A few notes about A*:

  • In order to use A*, we need awareness of a particular target node we're trying to reach and some way of measuring whether we're getting closer to that target node.
  • While A* biases search toward the goal, it doesn't completely prohibit exploration of nodes in the opposite direction of the goal. That can be seen in the diagram above, where the search expands westward (but not quite as far northwest or southwest as BFS and Dijkstra did). This is actually a good thing! Even if we want to drive, say, north from Palo Alto to San Francisco, an optimal route might first take us a tiny bit south to get us to a nearby on-ramp for a freeway that will get us to our destination quickly.
  • Unlike Dijkstra's algorithm, A* does not find the shortest path from a source node to every other vertex in the graph; it is only looking for the shortest path to the target node, and that is the only one for which it is guaranteed to find a lowest-cost path (pursuant to certain conditions; see the following bullet point).
  • In order to ensure A* finds the shortest path from the source node to the target, our heuristic needs to be "admissible" (meaning that it never overestimates the actual cost to get to the goal).
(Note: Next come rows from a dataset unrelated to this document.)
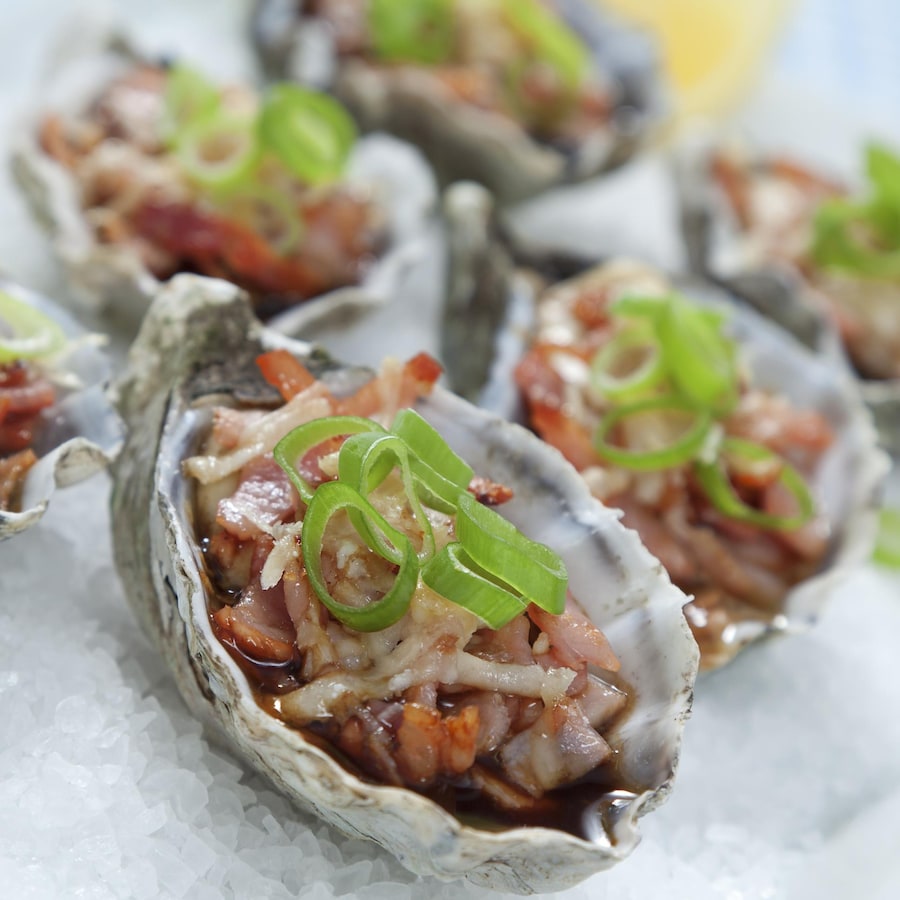 Six huîtres bien garnies prêtes à être dégustées.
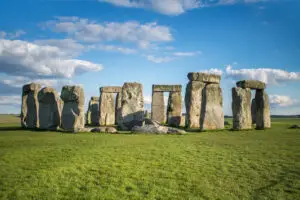 Stonehenge on a sunny day, showcasing the iconic prehistoric megalithic monument on lush green grass under a blue sky with scattered clouds, England.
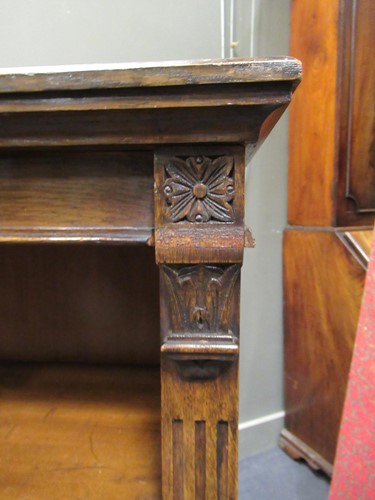 Lot 564 - A late Victorian oak open bookcase with...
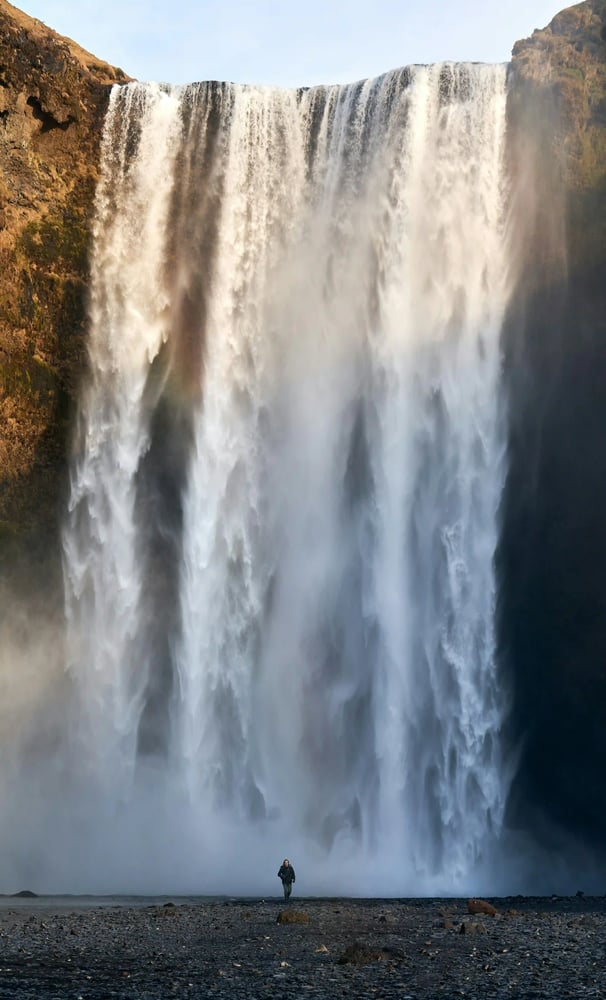 Lone walker at the foot of a huge waterfall, reflecting perspective, clarity and calm guidance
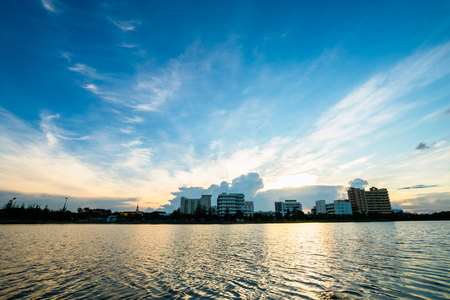 city skyline reflected in lake in nong prajak park, udonthani, Thailandのeditorial素材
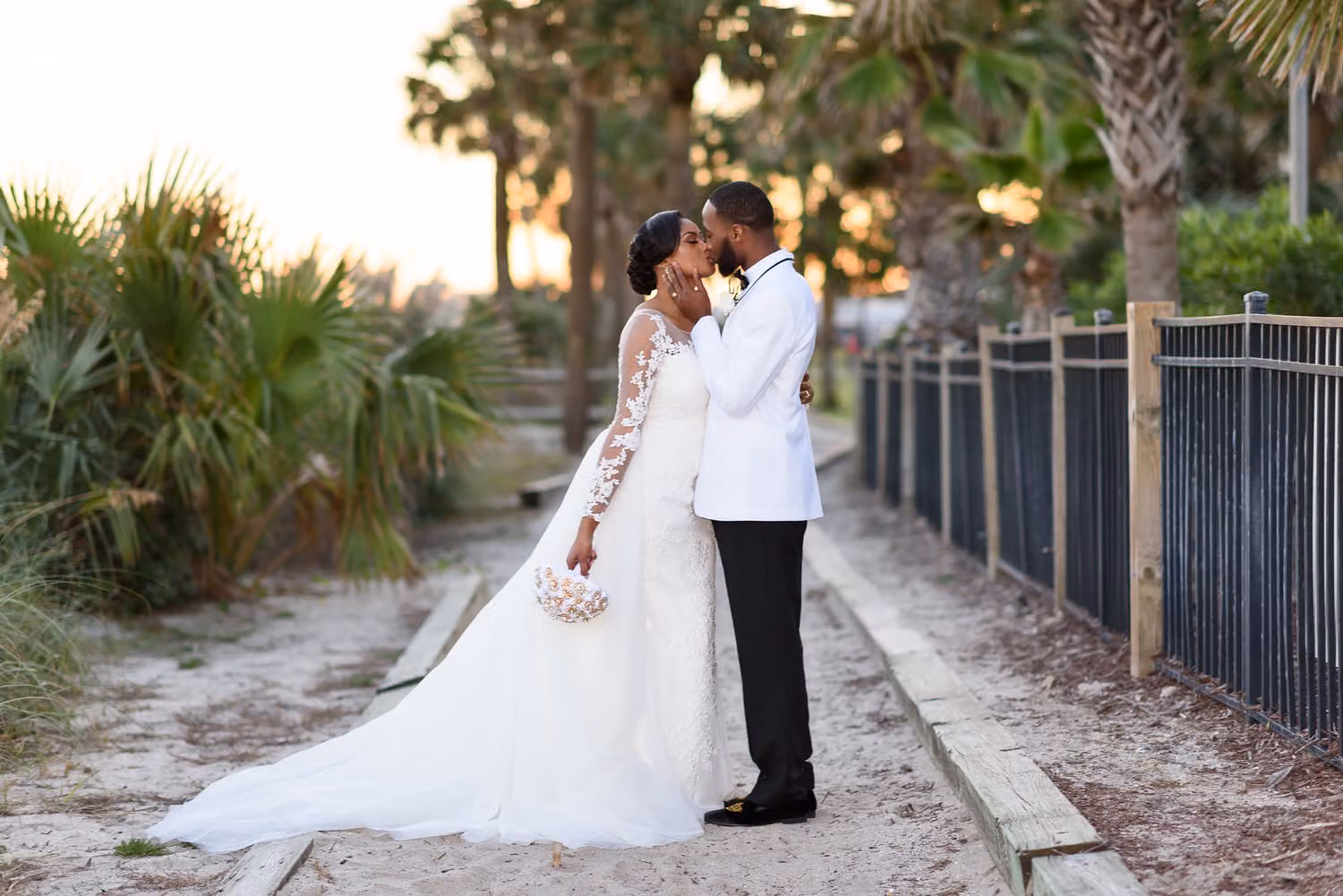 Groom in a white jacket kissing the bride on a sandy path lined with palms at the DoubleTree Resort in Myrtle Beach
I touched on that briefly in class today, but if you're interested in exploring that idea in more detail, I've included some readings at the bottom of today's notes.


What's next?

On Monday, I plan to spend the day coding up a few graph algorithms -- most likely Dijkstra and topological sort. That will conclude our coverage of new material for the quarter.

On Tuesday (and possibly Wednesday if we need more time), we'll do a course wrap where where I'll put a bow on some of the topics we've talked about this quarter, share some expectations for the final exam (and other end-of-quarter logistics), and talk a bit about what comes next in life after 106B.

Next Friday, we have the final exam.


Exam Prep

1. Code up Dijkstra's algorithm! Start by writing a function that can read a graph from a text file into an adjacency matrix. An adjacency matrix isn't always the best representation to use for a graph (remember, for a sparse graph, the adjacency matrix has a lot of wasted space), but I'm suggesting that here because it's a fairly straightforward one to work with in code.

2. Be sure to review the section titled "Further Runtime Considerations: Repeated Minheap Insertions (or Deletions)" in today's notes.

3. If you want to learn more about shortest path algorithms and pathfinding, consider diving into the following sources (some of which are also linked above in today's notes):

4. Be sure you're preparing for the upcoming final exam! For details, see the following:

5. Take note of the comments I made toward the very end of class today about my expectations for what I want you to know about Dijkstra and A* for the final exam, as well as my comments at the top of class about what you need to know about Wednesday's graph material when it comes to the final exam.